10 Replies Latest reply on Sep 24, 2011 1:35 PM by penkween

    How to update the Query index without restarting the repository ?

    penkween

      Hi,

       

      For the Filesystem Connector used within App Server, let say the repository already has the following directory structure:

       

      /

      /folder1

      /folder2

       

            When the JcrEgine and the repository is started and the index is built and when we do Query ("SELECT * FROM [nt:base]"), we will see the three nodes listed as expected. What happen when a new file eg.log1.txt generated or added into the repository by Operationg System  (Not via Modeshape Node.add() ) and now the repository structure becomes the following:

       

      /

      /folder1

      /folder2

      /log1.txt

       

           When we do Query, the index will not include the "log1.txt" unless Repository is restarted so that the index is rebuilt (assuming we use rebuildQueryIndexOnStartup="always") . Without restarting the repository, how do we add such new entry ie: "/log1.txt"  to the index so that it is addressed by the Query ? Is it possible that we can access to the underlying "SearchEngineIndexer.indexSubgraph()" to update the index and how the coding will look like ?

       

      Thank.

        • 1. Re: How to update the Query index without restarting the repository ?
          rhauch

          What happen when a new file eg.log1.txt generated or added into the repository by Operationg System  (Not via Modeshape Node.add() ) and now the repository structure becomes the following:

           

          /

          /folder1

          /folder2

          /log1.txt

           

          The file system connector does not currently support monitoring the file system for changes and translating these changes into ModeShape events, and so the indexes don't know they need to be changed. We don't know of an easy way to do this in JDK6 without polling or use of a native library, but if you do please let us know. We'd definitely like to see some suggestions. (BTW, JDK7 offers new support for this.)

           

          There are 3 methods on JcrSession to reindex the content, and so your application can force a reindexing (at a particular subgraph if known). However, I just noticed that although the methods are public, the JcrSession class is not public and this hides the methods.

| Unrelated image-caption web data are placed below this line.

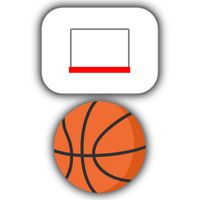 Basketball Simple
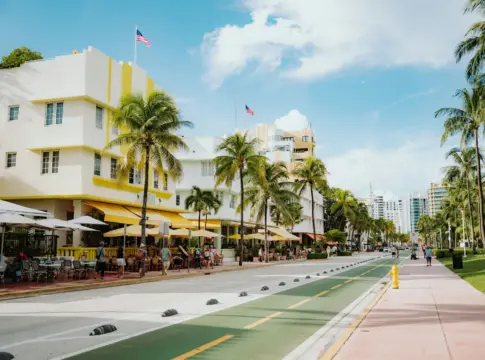 atico-miami-beach-art-deco-portada ático Miami Beach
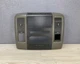 🔵2009-2012 Dodge Ram 1500 Radio Trim Bezel. OEM. Free Shipping!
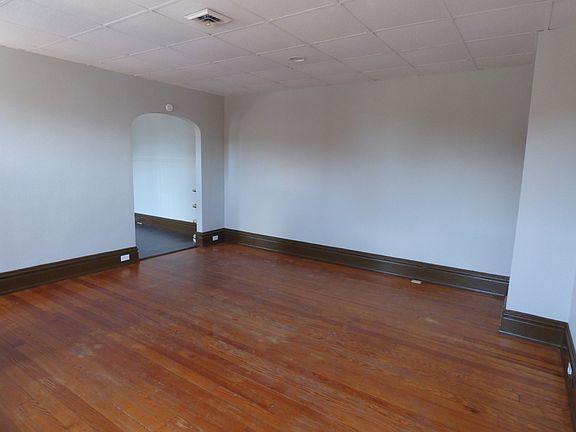 2nd image of 6225 Gravois Ave #A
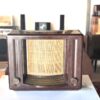 Radio Philips V6A “MATADOR II”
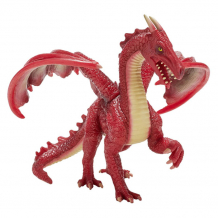 Купить konik красный дракон aml5003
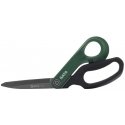 Universal scissors Sata ST93128 250 mm Universal scissors Sata ST93128 250 mm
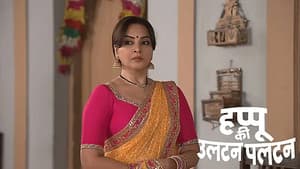 Happu Kills Beni in front of Queen Bipasha
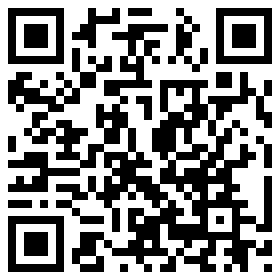 qrcode für Busch Jaeger 2515-214K-102 - BJ Rahmen 5f linear 102 Reflex SI alpinweiß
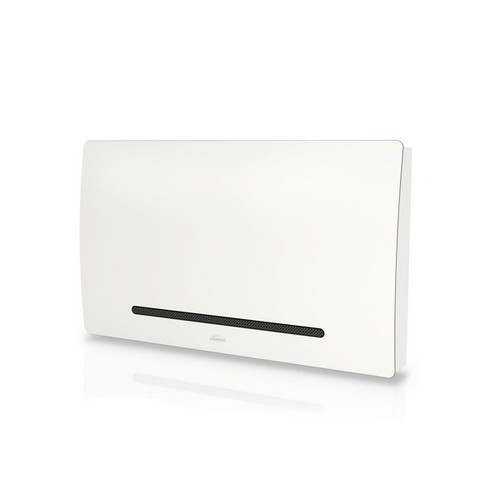 Ventilconvettore design fan - ventilconvettore, di
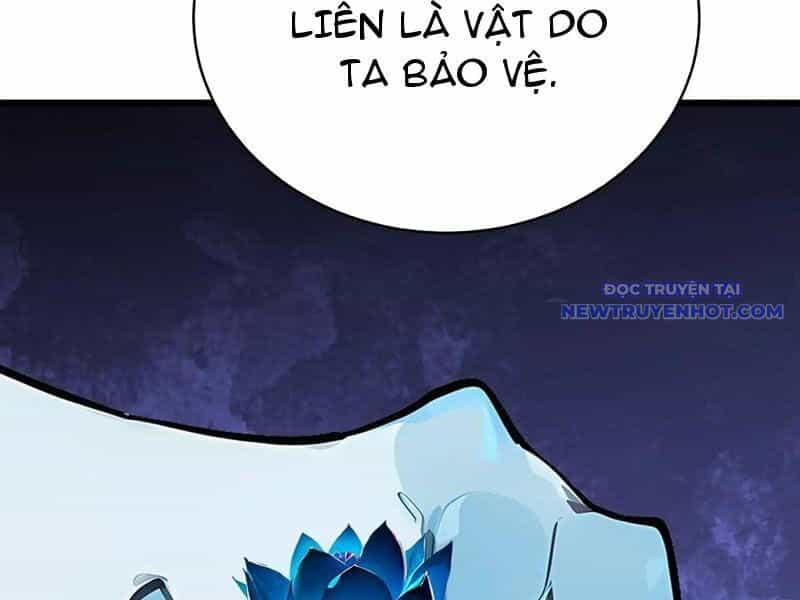 Thần Thoại Xâm Lấn: Ta Ở Địa Cầu Trảm Thần Minh - Chương 25 - ảnh 135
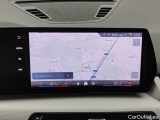  Bmw  X1 BMW  DIESEL - 2023 2.0 dA 150hp sDrive18 5d #11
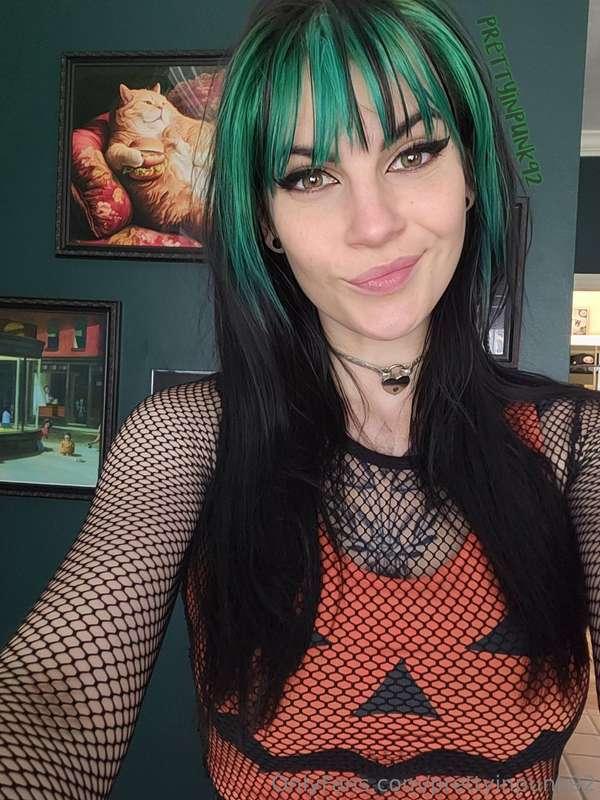 Many of you have asked, so I just uploaded my wishlist! You ..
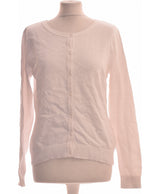 282115 Pulls et gilets H&M Occasion Once Again Friperie en ligne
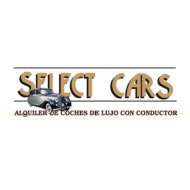 Select Cars 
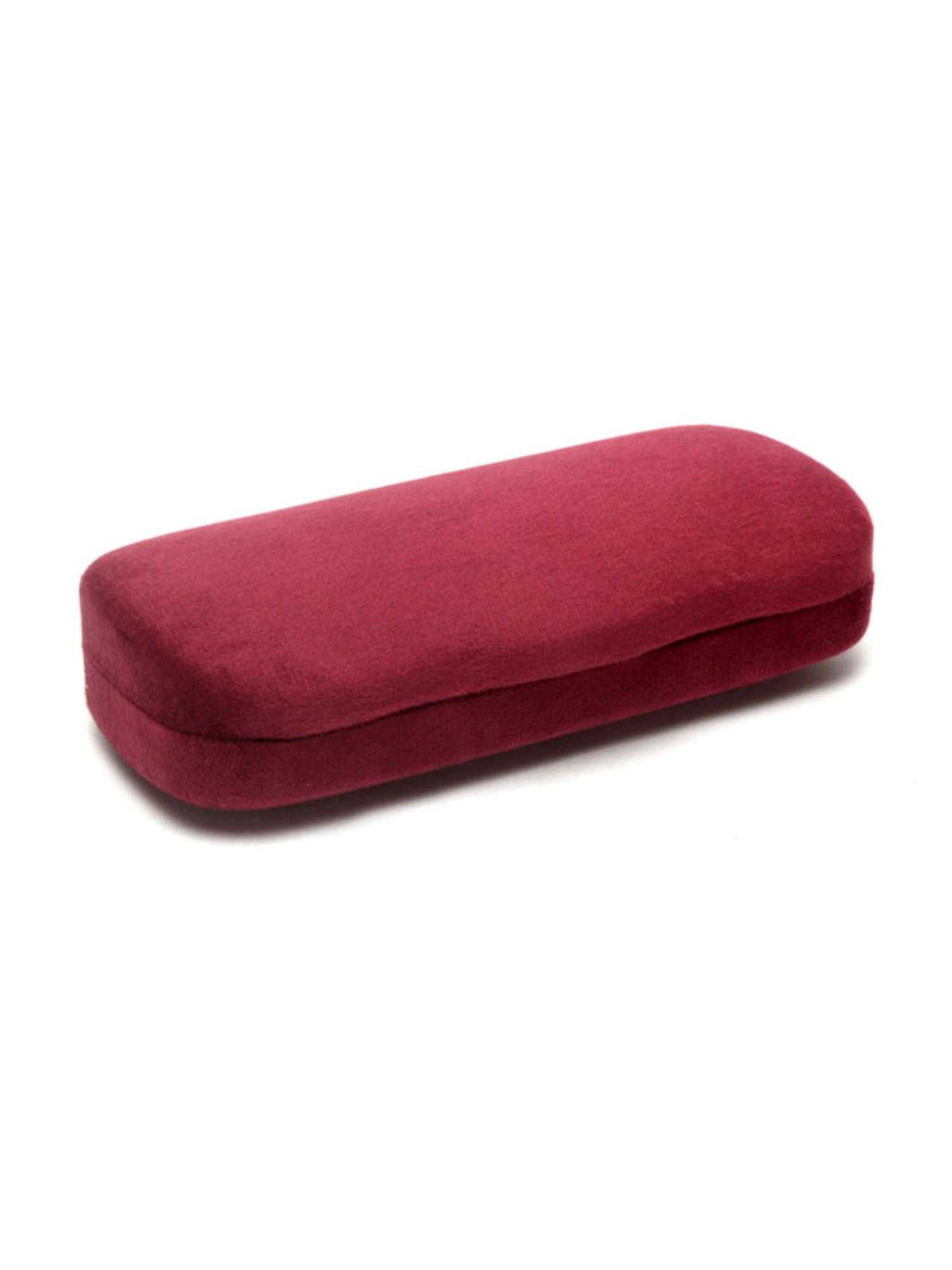 product image7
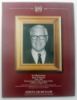 Picture of The Magazine Antiques - March 1998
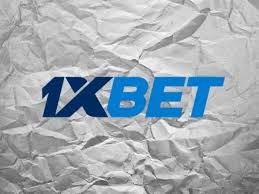 1xbet Kenya Your Ultimate Betting Experience -129515355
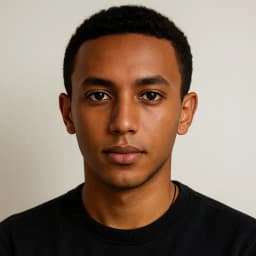 Amanuel Anteneh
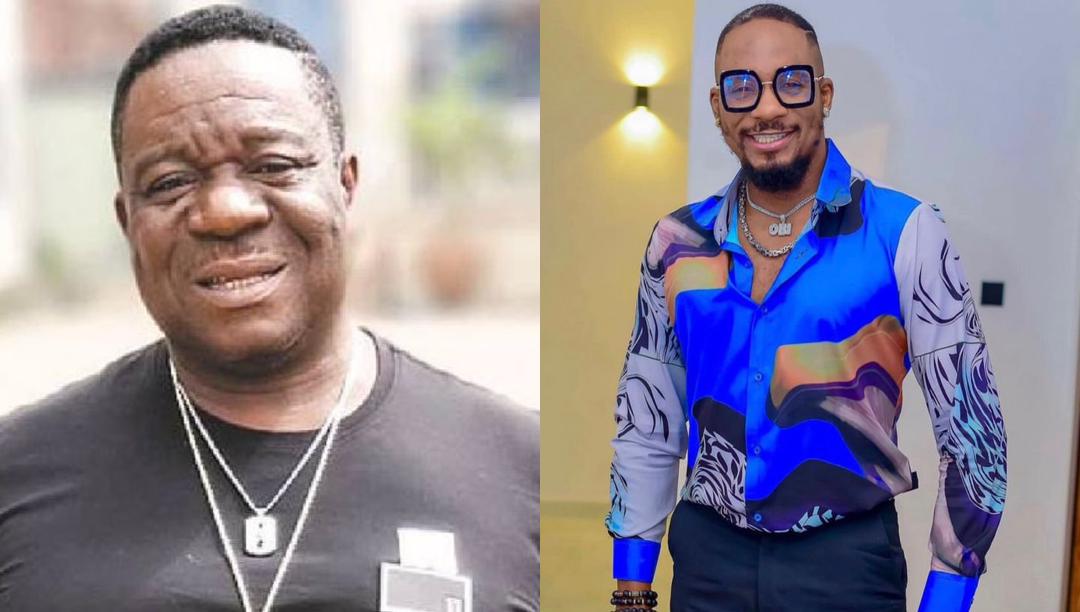 Enugu govt to give Mr Ibu, Jnr Pope befitting burial - Vimarsana News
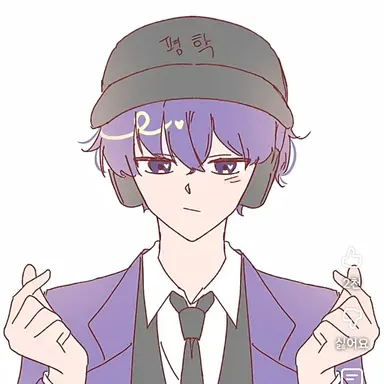 Profile image of 평학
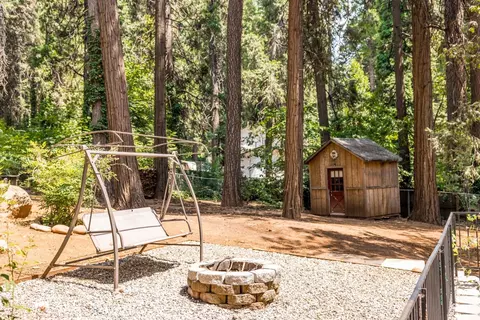 2861 Laurel Dr, Pollock Pines, CA 95726 photo 40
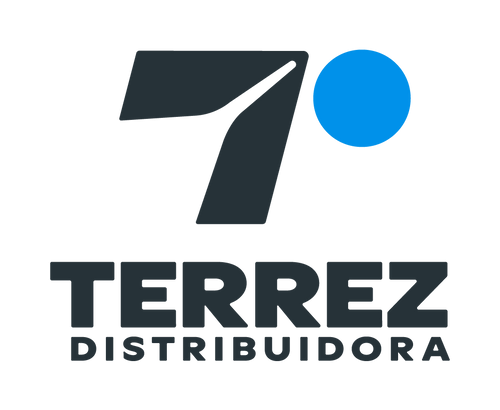 Terrez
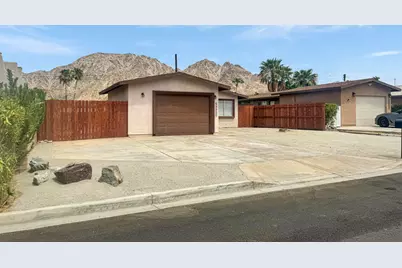 54850 Avenida Juarez, La Quinta, CA 92253 - Photo 1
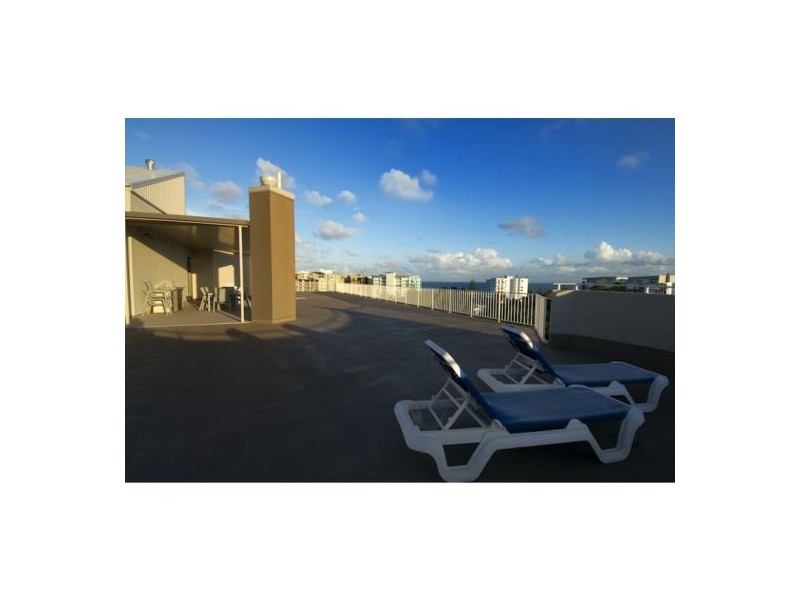 76-78 john street, Redcliffe QLD 4020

I've logged MODE-1269 as a critical bug to make these public in the upcoming 2.6.0.FINAL release (see the issue for what we plan to change, and feel free to comment on whether this would suit your needs).

          • 2. Re: How to update the Query index without restarting the repository ?
            penkween

            Hi Randall,

             

            Tested with the latest Modeshape source with MODE-1269 updates and having few issues as below:

             

             

            Issue 1 : Should we use Session or JcrSession ?

            ======================================================================================

             

            A.) If using javax.jcr.Session, I can't access to that 4 functions reindex(),reindexAsync().... via the below code:

             

            javax.jcr.Session session = repository.login();       

            session.getWorkspace().?  <================ Can't access to reindex(),reindexAsync() etc..

             

             

            B.) But then if using javax.jcr.JcrSession, I can access to that 4 functions provided my app package is within same package as JcrSession class which is org.modeshape.jcr (Since JcrSession class is protected) via the below code:

             

            javax.jcr.Session session = repository.login();       

            session.getWorkspace(). reIndex() <=========  Can access now.

             

             

             

            Issue 2 : Out of that 4  functions, only reindex() working OK so far.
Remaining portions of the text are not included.